CarrierWave File Uploads
Active Model Datastore has built in support for CarrierWave which is a simple and extremely flexible way to upload files from Rails applications. You can use different stores, including filesystem and cloud storage such as Google Cloud Storage or AWS.
Simply require active_model/datastore/carrier_wave_uploader
and extend your model with the
CarrierWaveUploader (after including ActiveModel::Datastore). Follow the CarrierWave
instructions for generating
an uploader.
In this example it will be something like:
rails generate uploader ProfileImage
Define an attribute on the model for your file(s). You can then mount the uploaders using
mount_uploader
(single file) or mount_uploaders
(array of files).
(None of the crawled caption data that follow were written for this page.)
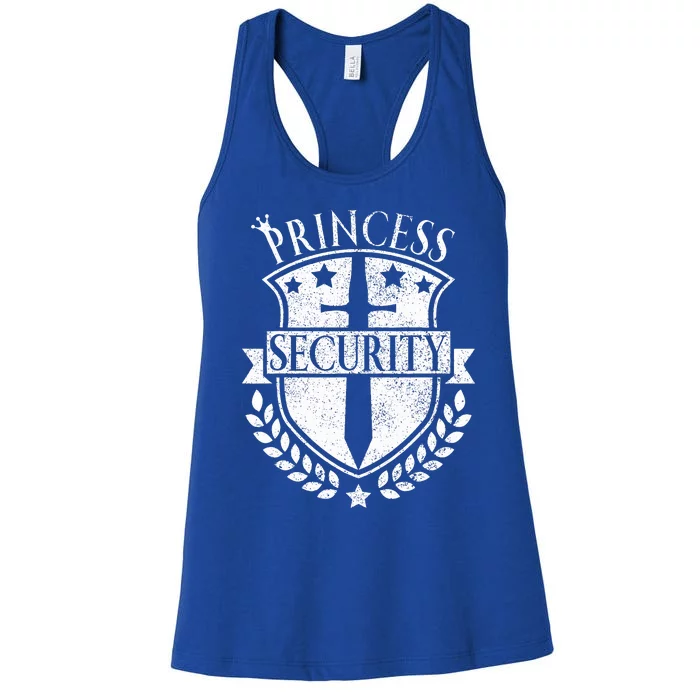 Princess Security Outfit Bday Princess Security Costume Women's Racerback Tank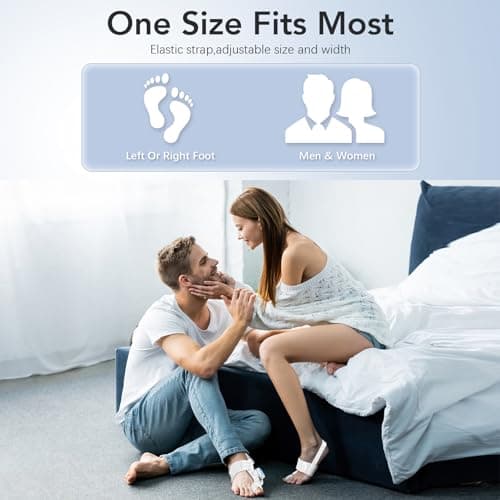 VEVARUN Bunion Corrector for Women Men: Big Toe Straightener Bunion Fix with Adjustable Knob-Orthopedic Bunions Splint Brace Toe Alignment Correction for Hallux Valgus Pain Relief Day/Night 1PCS (White) view 3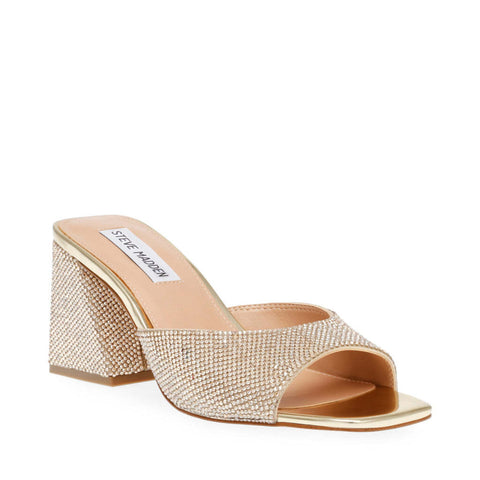Steve Madden Women's Gold Glowing Heeled Sandal |Steve Madden In Lebanon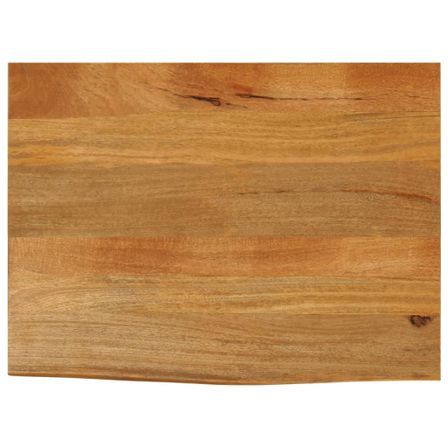 Dessus de table à bord vivant 70x60x2,5 cm bois massif manguier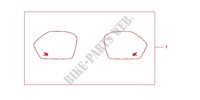 TOP BOX COVER dla Honda TRANSALP 700 ABS 2011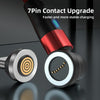 ENKAY 3A USB to Type-C / 8 Pin Magnetic 540 Degrees Rotating Fast Charging Cable, Length:1m(Black)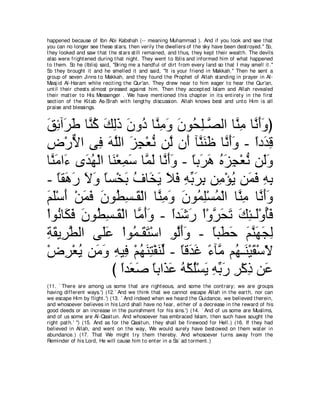 A compilation of the Abridged Tafsir Ibn Kathir Volumes 1 - 10  ( commentary of the meaning ) 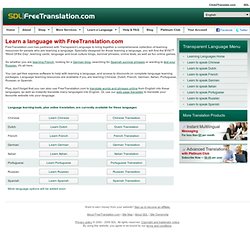 Learn To Speak A Different Language: FreeTranslation.com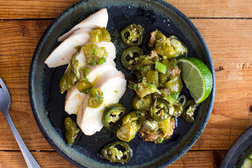Image for Poached Chicken Breasts With Tomatillos and Jalapeños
Don't forget to add the new
attribute to entity_properties
and whitelist the attribute in the controller if using strong
parameters.
require 'active_model/datastore/carrier_wave_uploader'
class User
include ActiveModel::Datastore
extend CarrierWaveUploader
attr_accessor :email, :enabled, :name, :profile_image, :role
mount_uploader :profile_image, ProfileImageUploader
def entity_properties
%w[email enabled name profile_image role]
end
end
You will want to add something like this to your Rails form:
<%= form.file_field :profile_image %>
Track Changes
TODO: document the change tracking implementation.
Nested Forms
Adds support for nested attributes to ActiveModel. Heavily inspired by Rails ActiveRecord::NestedAttributes.
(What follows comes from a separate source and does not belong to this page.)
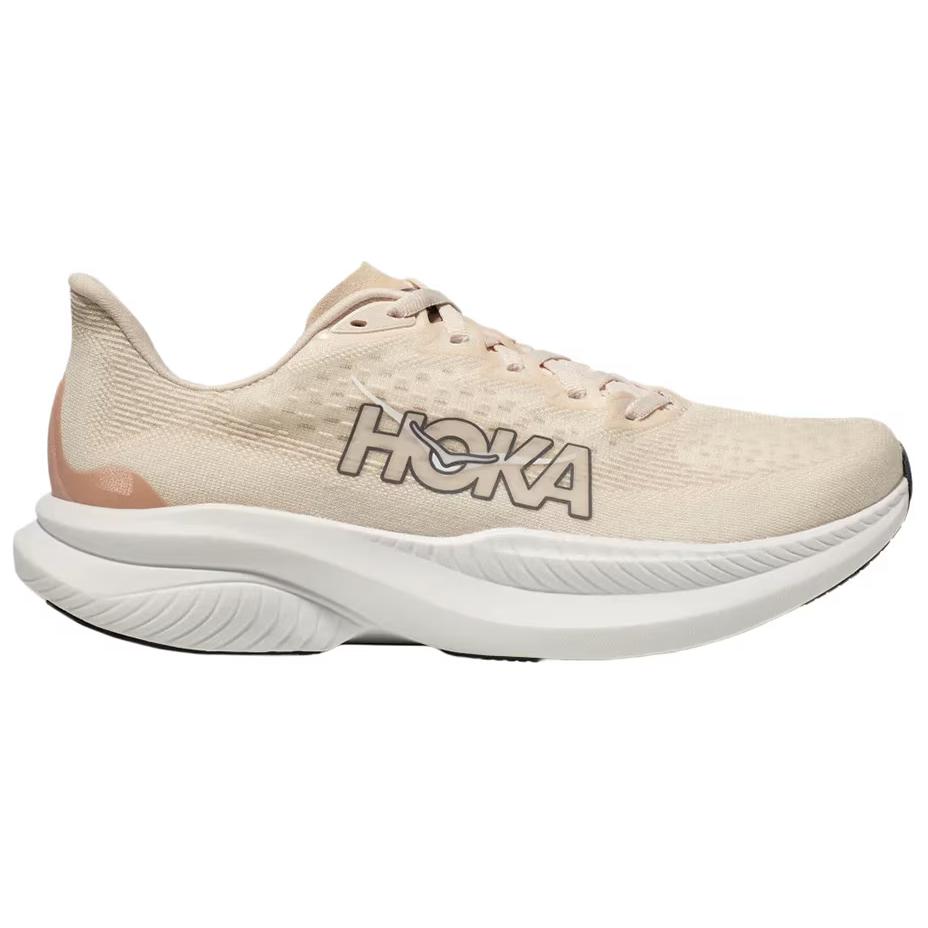 HOKA Mach 6 Eggnog Vanilla Women Sneakers Cream 1147810-EGV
Nested attributes allow you to save attributes on associated records along with the parent. It's used in conjunction with fields_for to build the nested form elements.
See Rails ActionView::Helpers::FormHelper::fields_for for more info.
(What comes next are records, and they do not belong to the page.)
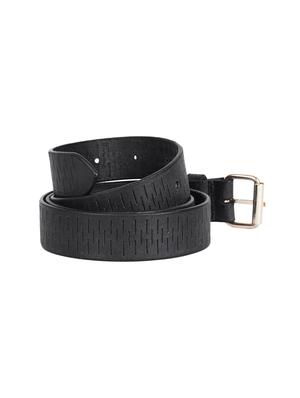 black leather belt - 15438798 - Standard Image - 2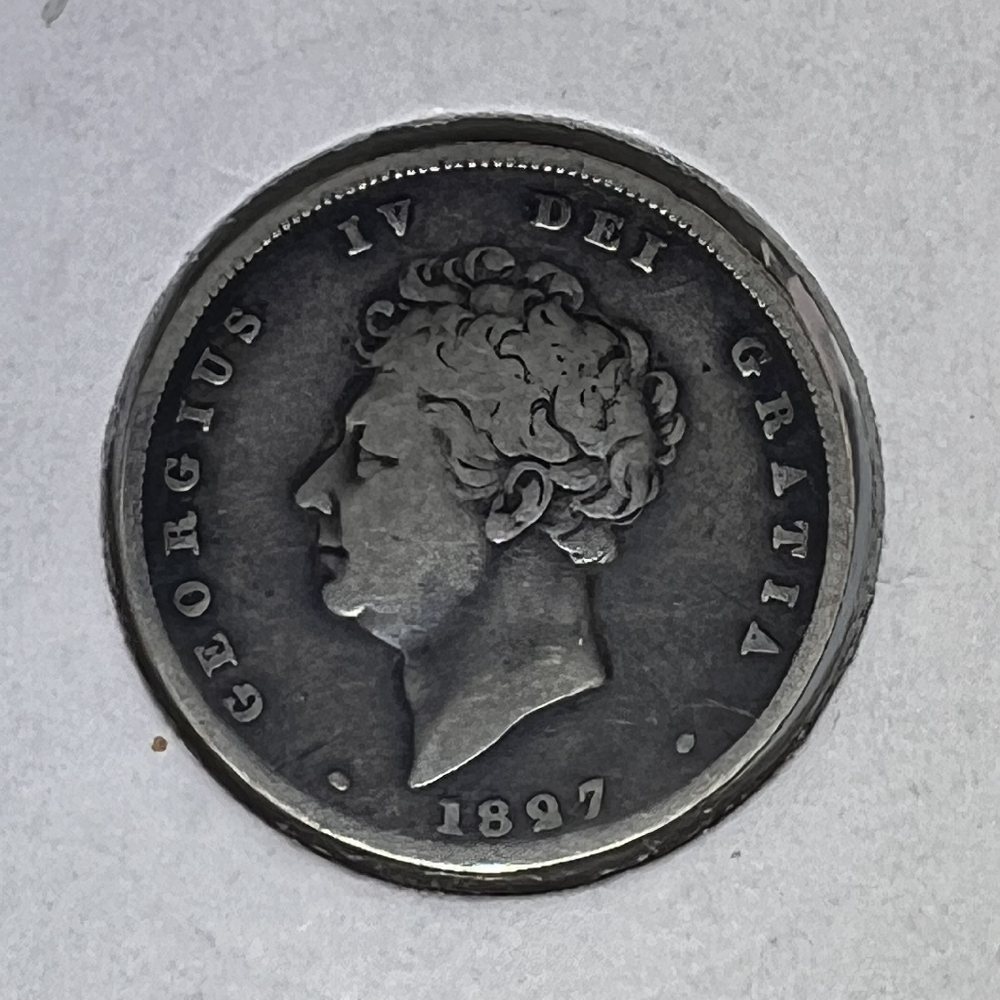 UK Sterling silver shillings - King George IV - 1826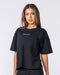 Muscle Nation Shorts Classic Boxy Tee - Black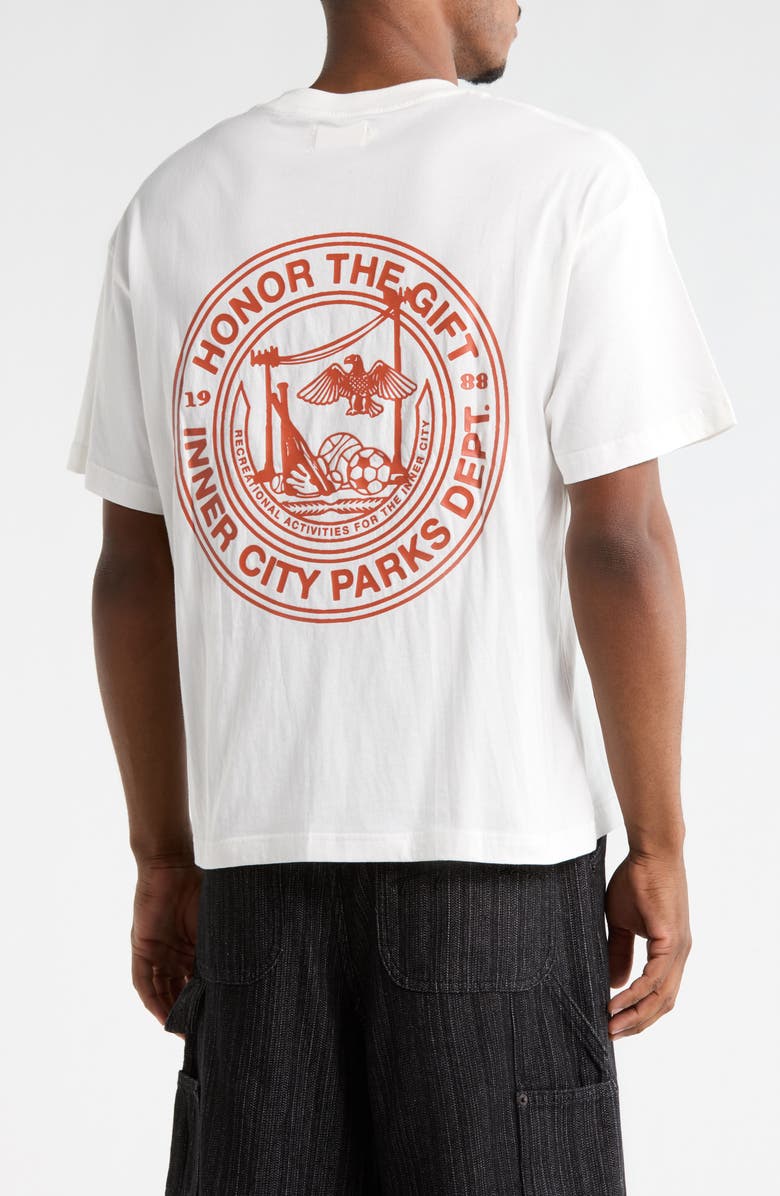 HONOR THE GIFT Inner City Parks Graphic T-Shirt, Alternate, color, White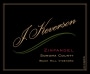 J. Keverson Winery Buck Hill Vineyards Zinfandel 2010 Front Label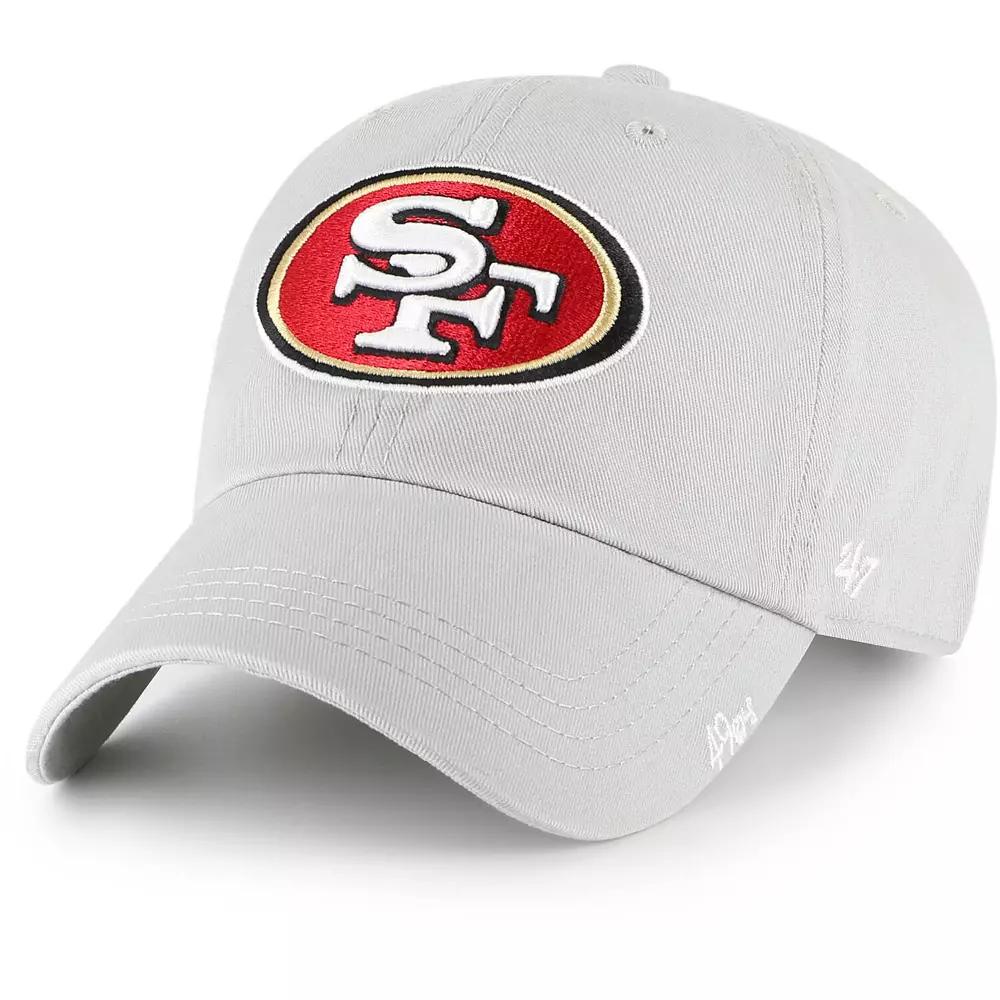 Women's '47 Gray San Francisco 49ers Miata Clean Up Secondary Adjustable Hat, Grey Product Image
NOTE: Unlike ActiveRecord, the way that the relationship is modeled between the parent and child is not enforced. With NoSQL the relationship could be defined by any attribute, or with denormalization exist within the same entity. This library provides a way for the objects to be associated yet saved to the datastore in any way that you choose.
You enable nested attributes by defining an :attr_accessor
on the parent with the pluralized
name of the child model.
Nesting also requires that a <association_name>_attributes=
writer method is defined in your
parent model. If an object with an association is instantiated with a params hash, and that
hash has a key for the association, Rails will call the <association_name>_attributes=
method on that object. Within the writer method call assign_nested_attributes
, passing in
the association name and attributes.
Let's say we have a parent Recipe with Ingredient children.
Start by defining within the Recipe model:
- an attr_accessor of
:ingredients
- a writer method named
ingredients_attributes=
- the
validates_associated
method can be used to validate the nested objects
Example:
class Recipe
attr_accessor :ingredients
validates :ingredients, presence: true
validates_associated :ingredients
def ingredients_attributes=(attributes)
assign_nested_attributes(:ingredients, attributes)
end
end
You may also set a :reject_if
proc to silently ignore any new record hashes if they fail to
pass your criteria. For example:
class Recipe
def ingredients_attributes=(attributes)
reject_proc = proc { |attributes| attributes['name'].blank? }
assign_nested_attributes(:ingredients, attributes, reject_if: reject_proc)
end
end
Alternatively,:reject_if
also accepts a symbol for using methods:
class Recipe
def ingredients_attributes=(attributes)
reject_proc = proc { |attributes| attributes['name'].blank? }
assign_nested_attributes(:ingredients, attributes, reject_if: reject_recipes)
end
def reject_recipes(attributes)
attributes['name'].blank?
end
end
Within the parent model valid?
will validate the parent and associated children and
nested_models
will return the child objects. If the nested form submitted params contained
a truthy _destroy
key, the appropriate nested_models will have marked_for_destruction
set
to True.
Datastore Gotchas
Ordering of query results is undefined when no sort order is specified.
When a query does not specify a sort order, the results are returned in the order they are retrieved. As Cloud Datastore implementation evolves (or if a project's indexes change), this order may change. Therefore, if your application requires its query results in a particular order, be sure to specify that sort order explicitly in the query.